Next: Morphological information Up: Spoken Language Lexica Previous: Types of lexical

Lexical surface information

Orthographic information

Orthography has been used in several different roles in the context of spoken language lexica:

Convenient general reference labels for words, due to the high level of awareness of, familiarity with and standardisation of orthography in literate societies.
Convenient identifying names for lexical entries, for `normal lemma ' forms, and for headwords in complex lexicon entries for related words.
Convenient identifying names for word hypotheses in word lattices, as lexical lookup keys.
Visualisation of word hypotheses in a development system.
Representation of the orthographic properties of words.

Each of these functions is distinct and needs to be kept conceptually separate in order to avoid confusion. On the side of word forms, the functions (1) and (2) are not particularly problematic. Function (3) is traditionally a feature of speech recognition systems for relatively small vocabularies. The larger the vocabulary, however, the greater the danger of introducing unnecessary orthographic noise , i.e. intrusive artefacts due to homography (words with identical spelling and different pronunciation); for this reason, in new architectures, phonological (e.g. phonemic) representation in word graphs is preferred. Function (4) is unproblematic, though similar reservations as with (3) are to be noted. Function (5) is obviously essential for written output of any kind; however, it is often confused with both functions (2) and (3).

Orthography has the advantage of being highly standardised, except for certain regional variants (British and American English; Federal, Swiss, and Austrian German) and variations in publishers' conventions (e.g. British English ise/-ize as in standardisation/ standardization, capitalisation of adjectives in nominal function in German, as die anderen / die Anderen, or variations in hyphenation conventions). Orthography is given further attention in the section on lexical representation.

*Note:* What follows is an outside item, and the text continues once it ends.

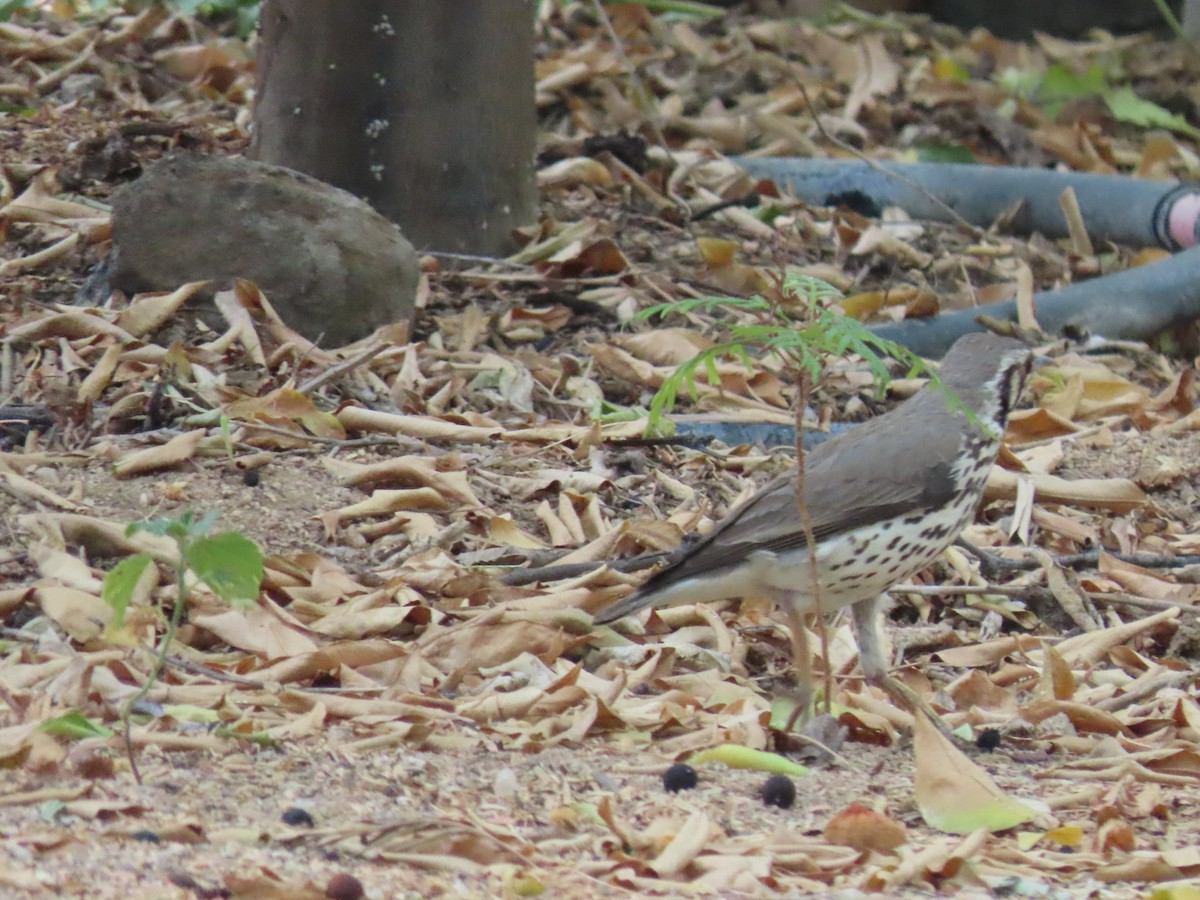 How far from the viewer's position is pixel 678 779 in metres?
3.53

A standard orthographic transliteration is often used for convenience as a means of representing and accessing words in a spoken language lexicon. This has several reasons:

Familiarity to all educated speakers of the language.
High level of standardisation in comparison with theory-influenced phonological transcriptions .
Sufficient proximity to phonological form ensures a close mapping to pronunciation at the level of whole words (not necessarily in the details of grapheme to phoneme mapping) in small vocabularies in some languages: French and English are notorious exceptions.

Most European languages have highly regulated orthographies , the use of which is associated with social and political rewards and punishments. Variation is found particularly in the treatment of derived and compound words (e.g. separation and hyphenation) and in the use of typographic devices such as capitalisation.

For use in spoken language lexica, particularly in word lists used for training and testing recognisers, consistency is essential and often additional conventions are required in order to meet the criterion of general computer readability in the case of special letters and diacritics. Although it cannot be regarded as a standard, it is becomming common practice to use the ASCII codings of LaTeX adaptations for specific countries. For example, a standard computer-readable orthography for German has become widely accepted for German speech recognition applications which marks special characters, in particular those with an Umlaut diacritic, as shown in the table.

The results of the EAGLES Working Groups on Text Corpora and Lexica should be consulted on orthographic and other matters pertaining to written texts.

Pronunciation information

Pronunciation information is much more application specific (and indeed theory specific) than orthographic information. Standardly, information about phonemic structure is included in the form of a phonemic transcription of a standard canonical or citation form pronunciation, i.e. the pronunciation of a word in isolation in a standard variety of the language. Often the phonemic transcription is enhanced by including prosodic information such as the stress position (Dutch, English, German), type of tonal accent (Swedish), syllable , word boundaries in compound words, and word and phrase boundaries in phrasal idioms . Morphological information (morph boundaries , as well as the boundaries of words and phrases) is relevant to stress patterning, and is sometimes also included.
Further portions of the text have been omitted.